Women are at the foundation here—particularly Maggie, a Mexican-American from California who takes center stage in all three collections. In “The Love Bunglers,” Hernandez connects her trials and tribulations from childhood to old age, particularly related to her on-again, off-again relationship with Ray. In “God and Science,” Maggie is viewed through a fantasy lens as she plays sidekick to a kooky cast of female superheroes.
Illustrations are reminiscent of “good girl” art, in which women characters are drawn as exaggerated sexual objects, complete with oversized chests and undersized waists. Yet the retro style is paired with a progressive portrayal of women that consistently blurs the lines around traditional gender roles. For instance, well-coiffed Maggie is a gifted mechanic, and her friends are respected wrestlers and muscle-bound superheroes.
Angels and Magpies portrays the passage of time in a realistic manner despite the constraints of the medium. Flashbacks are not introduced in the text; they suddenly disrupt the narrative, mimicking memories’ sudden emergence in real life. For instance, in “The Love Bunglers,” in the midst of Maggie and Ray’s interaction as adults, a two-page spread of wordless panels conveys both characters’ lives from childhood on. The abrupt visual montage successfully underscores the weight of the current drama, trusting the audience to make sense of the disruption.

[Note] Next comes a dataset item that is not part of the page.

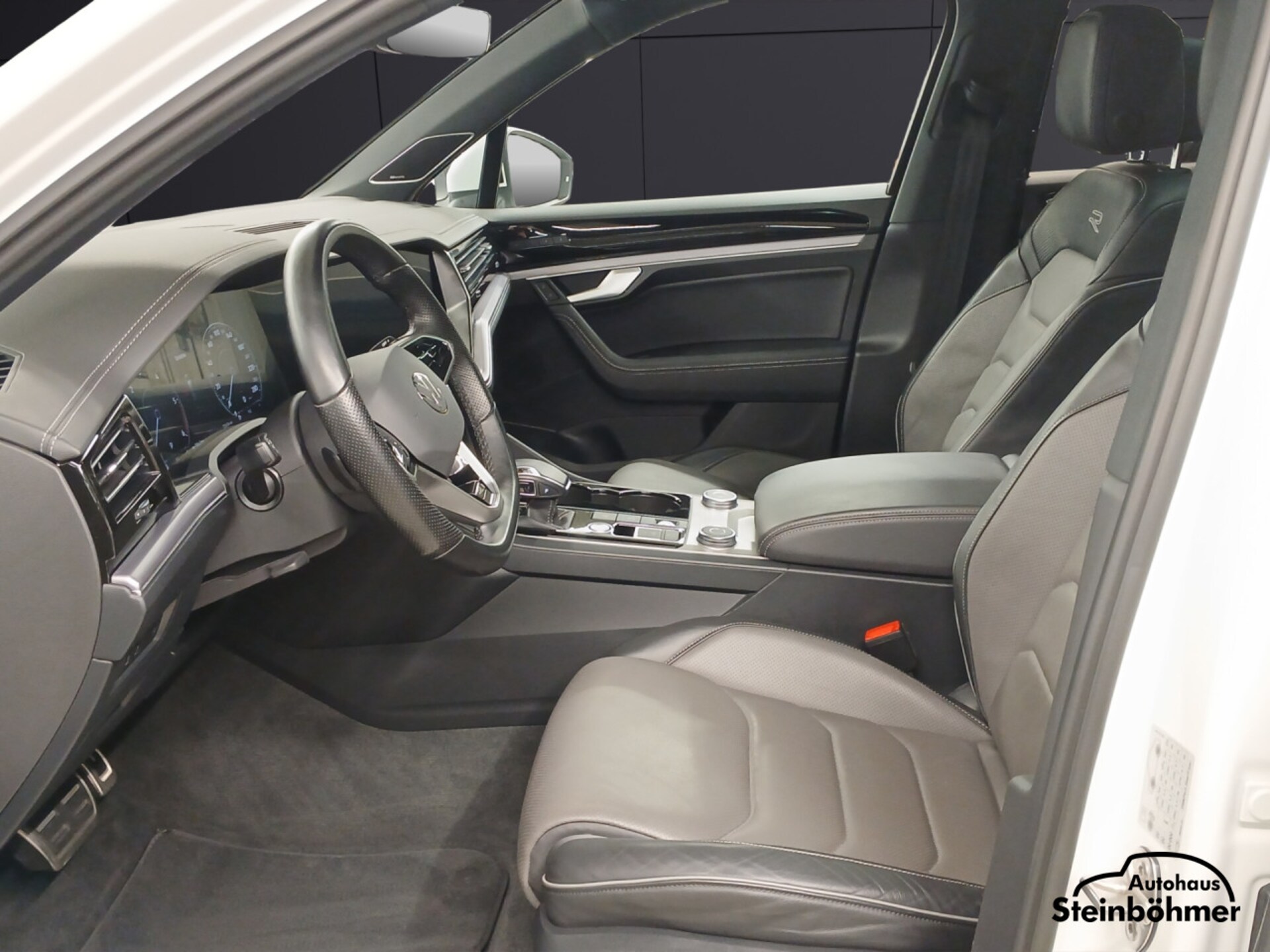 Volkswagen Touareg R-Line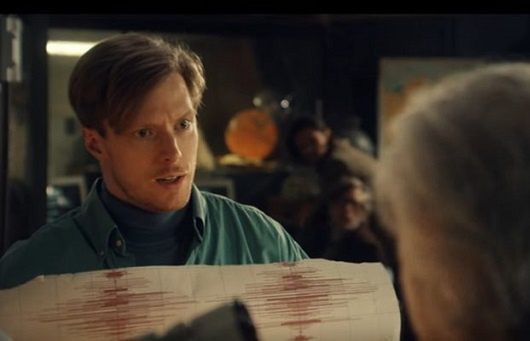 Zbliżający się wybuch wulkanu reklamuje Chicken Box w McDonald's (wideo)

Sometimes disturbing, often darkly comic, and always entertaining, Hernandez’s collections are full of heartbroken and heartbreaking misfits sure to capture audience attention. With its overtly sexually scenes, nudity, and violent episodes, Angels and Magpies will push the limits for some readers. But paired with the collection’s delicate treatment of characters’ past and present traumas, such scenes simply add to the book’s overall reflections on what makes life endurable—or not.